Quest'ultima in particolare viaggia tranquillamente oltre la soglia del 6 per cento. Secondo le previsioni si avvicinerà alla soglia del 10 entro l'anno. Infatti le agenzie internazionali di rating hanno declassato il debito pubblico inglese, fatto che non avveniva dal tempo della guerra mondiale. Né sta meglio (anzi sta peggio) il Tesoro americano.
Le due potenze anglosassoni si sono date il 2012-2013 come il biennio del rientro nell'equilibrio dei conti pubblici. Hanno anche indicato gli strumenti: taglio di spese, imposte sulle fasce abbienti, rientro dei sussidi dati a banche ed imprese per arginare la crisi. Nel frattempo però dovranno sostenere il finanziamento del Tesoro e soprattutto emettere una massa di titoli pubblici per sostituire quelli in scadenza alla fine di quest'anno e dell'anno prossimo. Si tratta di un ammontare enorme. Draghi conosce bene questo problema e meglio ancora di lui lo conosce Tremonti. Nel secondo semestre di quest'anno verranno a scadenza una massa notevole di titoli pubblici italiani. All'incirca si tratta di 200 miliardi di euro, proprio in sincronia con le scadenze ben superiori di titoli Usa, Gran Bretagna, Germania. Tremonti non ama parlare di questo problema che sta sospeso nel cielo dell'Occidente come una fitta coltre di nerissime nubi. Dice che il peggio è passato e usciremo meglio degli altri dalla crisi. In realtà il peggio deve ancora venire e nasconderlo non giova a nessuno. Altrettanto non giova il fallimento dell'operazione Fiat-Opel. Ho trattato questo tema la settimana scorsa e dunque non mi ripeterò. Auguro a Marchionne e alla Fiat di poter rimpiazzare lo scacco subìto in Germania con nuovi possibili accordi con altre imprese automobilistiche. Ma torno a ripetere che le iniziative di Marchionne non sono state messe in campo per desiderio di gloria ma per necessità di sopravvivenza. Se non andranno a buon fine la Fiat vivacchierà perché l'operazione Chrysler non basta a garantirne il futuro.

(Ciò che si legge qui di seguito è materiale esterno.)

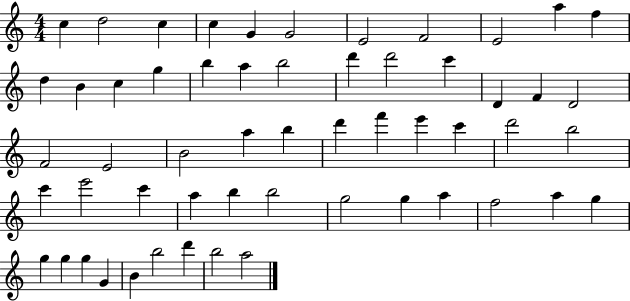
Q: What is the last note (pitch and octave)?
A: A5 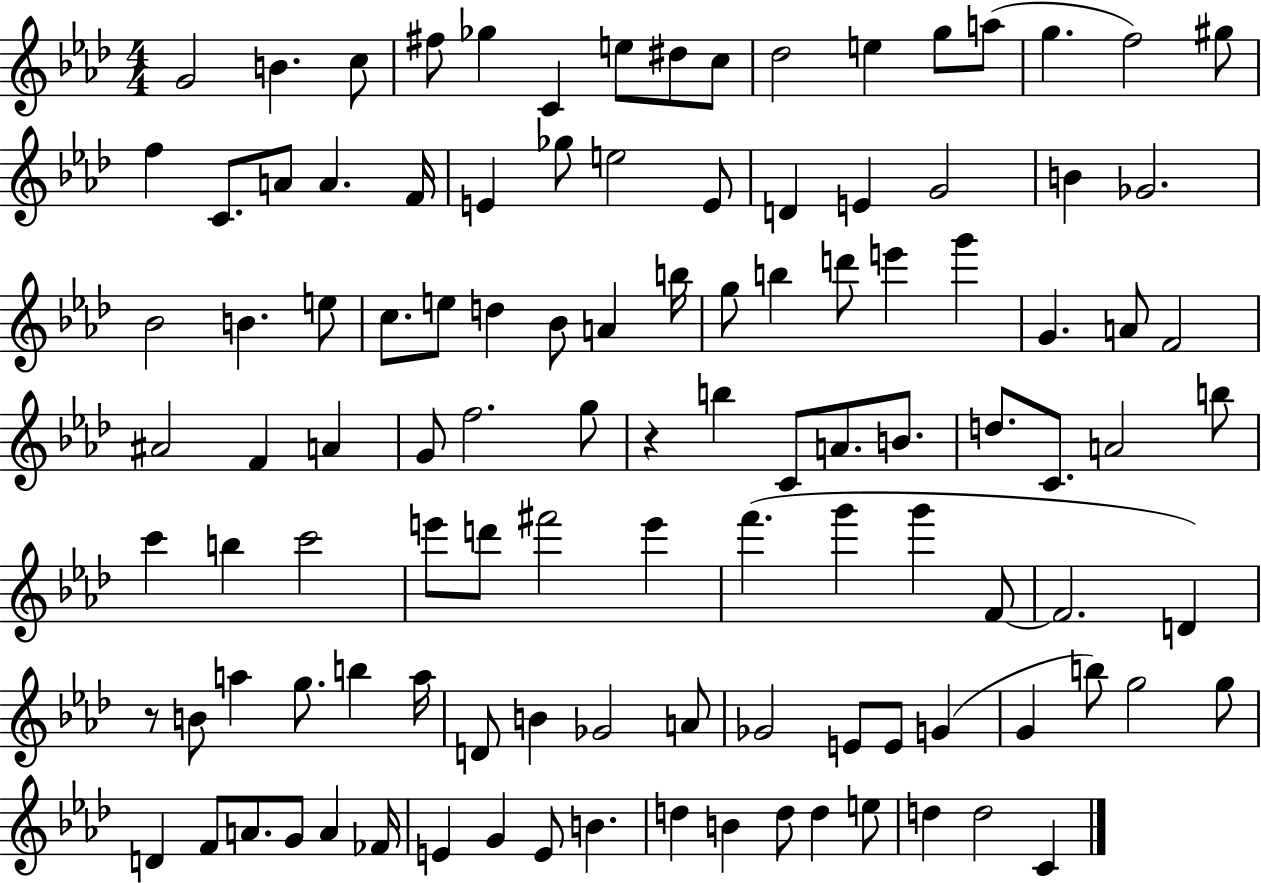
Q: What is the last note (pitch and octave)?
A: C4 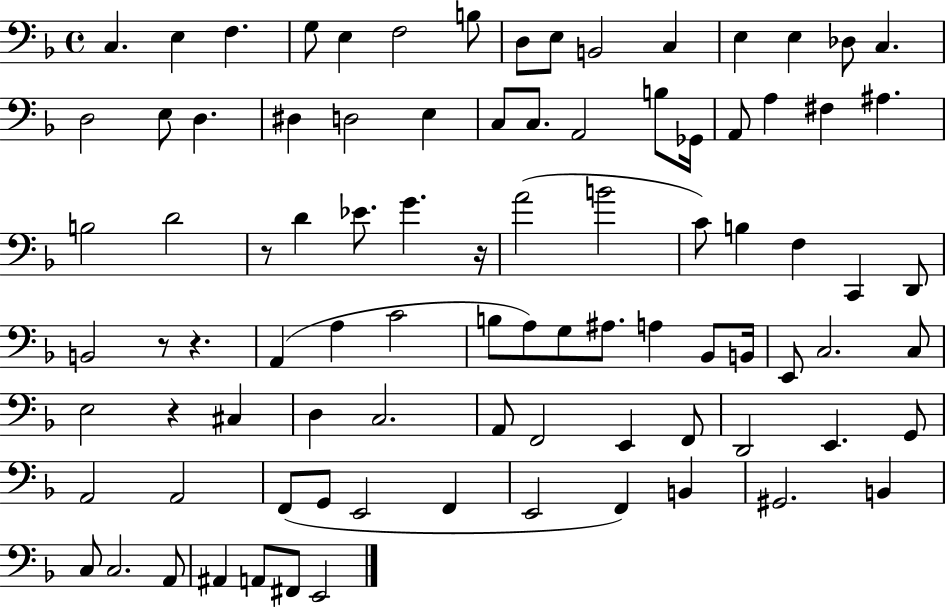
C3/q. E3/q F3/q. G3/e E3/q F3/h B3/e D3/e E3/e B2/h C3/q E3/q E3/q Db3/e C3/q. D3/h E3/e D3/q. D#3/q D3/h E3/q C3/e C3/e. A2/h B3/e Gb2/s A2/e A3/q F#3/q A#3/q. B3/h D4/h R/e D4/q Eb4/e. G4/q. R/s A4/h B4/h C4/e B3/q F3/q C2/q D2/e B2/h R/e R/q. A2/q A3/q C4/h B3/e A3/e G3/e A#3/e. A3/q Bb2/e B2/s E2/e C3/h. C3/e E3/h R/q C#3/q D3/q C3/h. A2/e F2/h E2/q F2/e D2/h E2/q. G2/e A2/h A2/h F2/e G2/e E2/h F2/q E2/h F2/q B2/q G#2/h. B2/q C3/e C3/h. A2/e A#2/q A2/e F#2/e E2/h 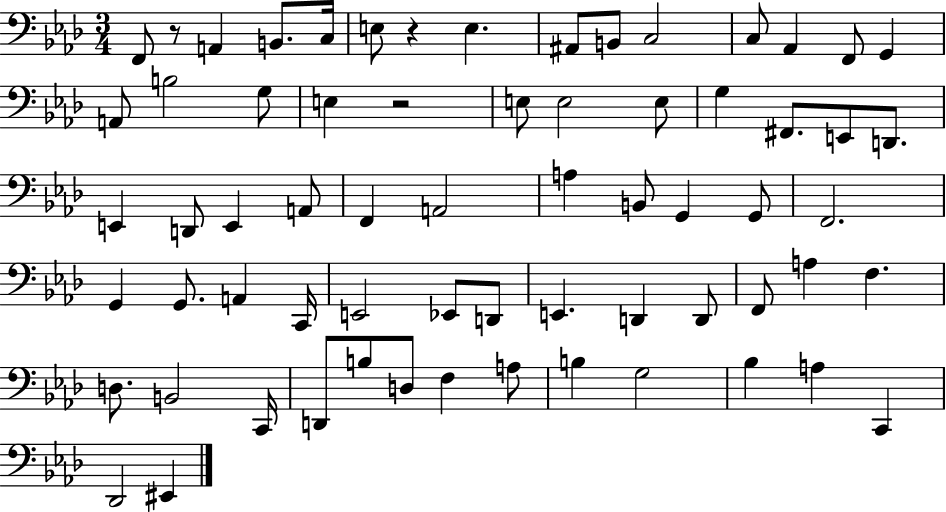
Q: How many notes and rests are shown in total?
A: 66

Vivacchierà e peserà inevitabilmente sui contribuenti italiani. * * * Draghi - per tornare a lui - sostiene la necessità di riforme immediate e punta in particolare sulle pensioni. Prolungare l'età pensionabile e accelerare il sistema a contribuzione liberando così le risorse per rilanciare la crescita. Tremonti e il ministro del Lavoro, Sacconi, obiettano che la riforma si farà a tempo debito e che le risorse liberate saranno redistribuite all'interno del perimetro previdenziale. La preoccupazione di non turbare la pace sociale è giusta ma resta il dilemma posto dal governatore: come rilanciare la crescita?

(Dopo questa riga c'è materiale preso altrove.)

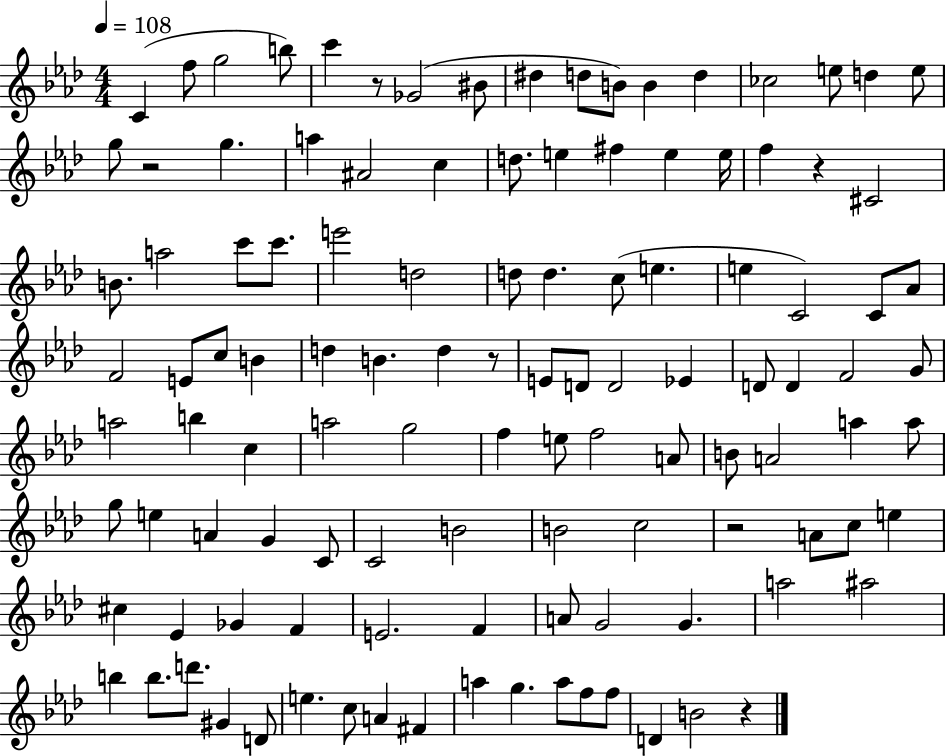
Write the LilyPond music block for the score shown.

{
  \clef treble
  \numericTimeSignature
  \time 4/4
  \key aes \major
  \tempo 4 = 108
  c'4( f''8 g''2 b''8) | c'''4 r8 ges'2( bis'8 | dis''4 d''8 b'8) b'4 d''4 | ces''2 e''8 d''4 e''8 | \break g''8 r2 g''4. | a''4 ais'2 c''4 | d''8. e''4 fis''4 e''4 e''16 | f''4 r4 cis'2 | \break b'8. a''2 c'''8 c'''8. | e'''2 d''2 | d''8 d''4. c''8( e''4. | e''4 c'2) c'8 aes'8 | \break f'2 e'8 c''8 b'4 | d''4 b'4. d''4 r8 | e'8 d'8 d'2 ees'4 | d'8 d'4 f'2 g'8 | \break a''2 b''4 c''4 | a''2 g''2 | f''4 e''8 f''2 a'8 | b'8 a'2 a''4 a''8 | \break g''8 e''4 a'4 g'4 c'8 | c'2 b'2 | b'2 c''2 | r2 a'8 c''8 e''4 | \break cis''4 ees'4 ges'4 f'4 | e'2. f'4 | a'8 g'2 g'4. | a''2 ais''2 | \break b''4 b''8. d'''8. gis'4 d'8 | e''4. c''8 a'4 fis'4 | a''4 g''4. a''8 f''8 f''8 | d'4 b'2 r4 | \break \bar "|."
} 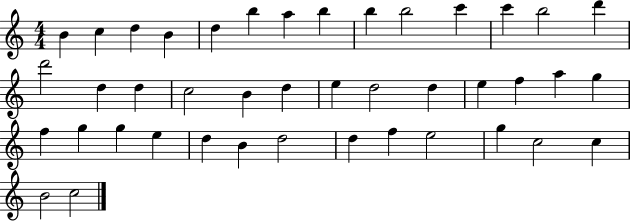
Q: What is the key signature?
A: C major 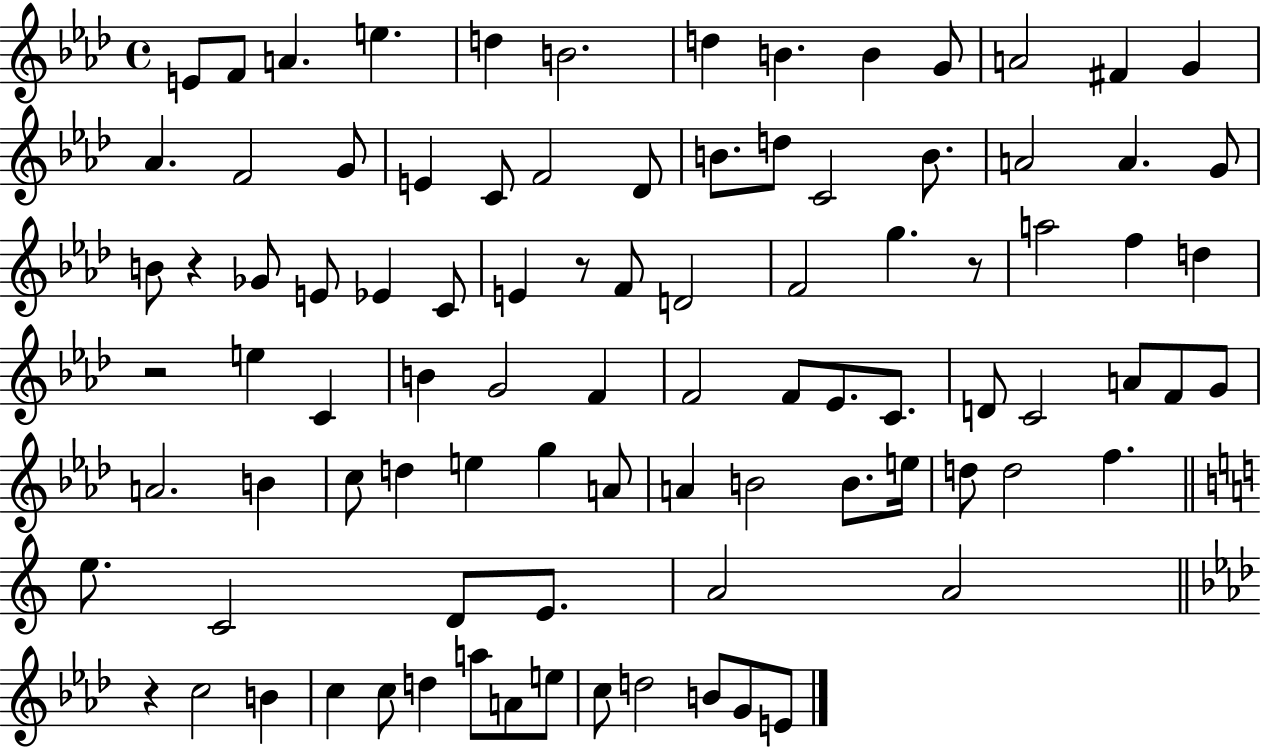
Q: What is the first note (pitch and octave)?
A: E4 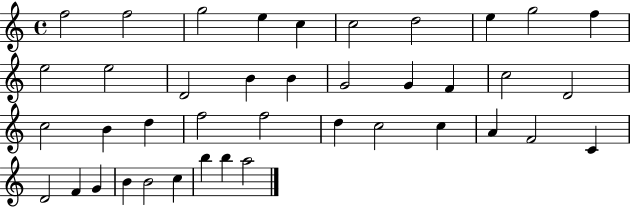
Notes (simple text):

F5/h F5/h G5/h E5/q C5/q C5/h D5/h E5/q G5/h F5/q E5/h E5/h D4/h B4/q B4/q G4/h G4/q F4/q C5/h D4/h C5/h B4/q D5/q F5/h F5/h D5/q C5/h C5/q A4/q F4/h C4/q D4/h F4/q G4/q B4/q B4/h C5/q B5/q B5/q A5/h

Mi permetto di dire che le proposte del Pd di tassare con modeste e transitorie maggiorazioni i redditi al di sopra dei 120mila euro potrebbe fornire le risorse necessarie, insieme a provvedimenti anti-evasione che Visco aveva adottato e Tremonti smobilitato.

Post Scriptum. Non ho parlato di Silvio Berlusconi ma una cosa va ricordata. Il cardinale Bagnasco, nel discorso con il quale ieri ha chiuso la riunione della Conferenza episcopale italiana ha detto che la classe dirigente dovrebbe esser d'esempio educativo alle giovani generazioni con i suoi pensieri, i suoi comportamenti e lo stile di vita ed ha lamentato che ciò non stia avvenendo. Dargli torto mi sembra difficile. Berlusconi ha definito "berlusconiana" la relazione di Draghi; allo stesso titolo potrebbe definire "berlusconiano" l'incitamento di Bagnasco a comportamenti educativi. Ed avrebbe potuto definire "berlusconiane" anche le parole di Franceschini sempre in proposito dei valori educativi da trasmettere ai giovani. Io spero che il premier definisca "berlusconiane" anche queste mie riflessioni se avrà avuto il tempo e la voglia di leggerle. Ne sarei molto compiaciuto. Come ha detto recentemente Roberto Benigni: lei è un mito, presidente, e i miti più si allontanano e più grandeggiano. Perciò si allontani, per il bene suo e del paese.